• To do: Set out exactly, line by line, the stretch of data below that begins at the line containing "Liriodendron tulipifera বাকল" and ends at the line containing "arr8 Arr Muscari In Zinken Pot", with both ends kept.

• Source data:
= Beginning of Section =

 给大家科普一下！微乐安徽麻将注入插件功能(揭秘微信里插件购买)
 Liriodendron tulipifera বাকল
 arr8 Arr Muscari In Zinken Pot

= End of Section =
= Beginning of Section =

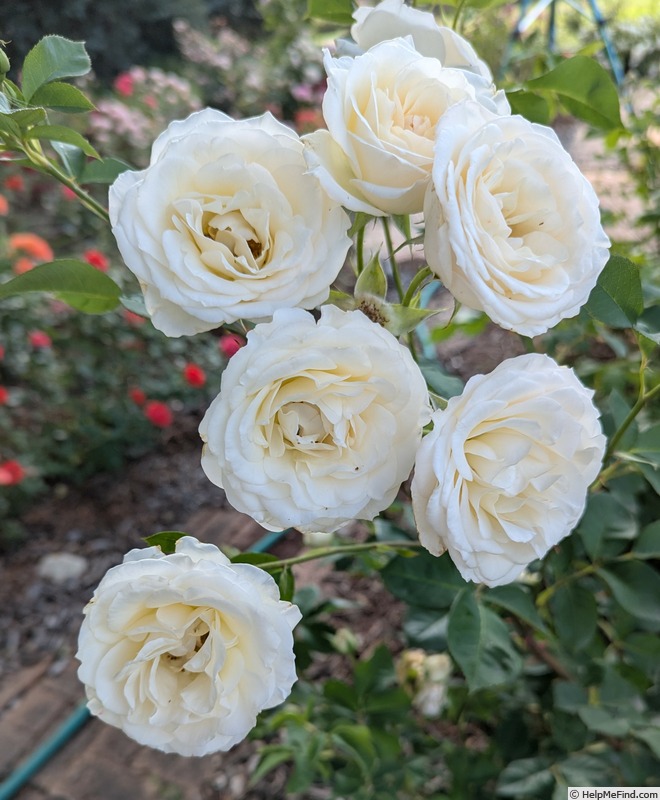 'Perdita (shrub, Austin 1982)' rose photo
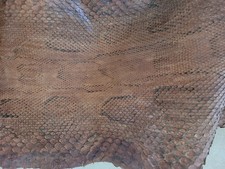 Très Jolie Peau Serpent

= End of Section =

• Result of the task:
 Liriodendron tulipifera বাকল
 arr8 Arr Muscari In Zinken Pot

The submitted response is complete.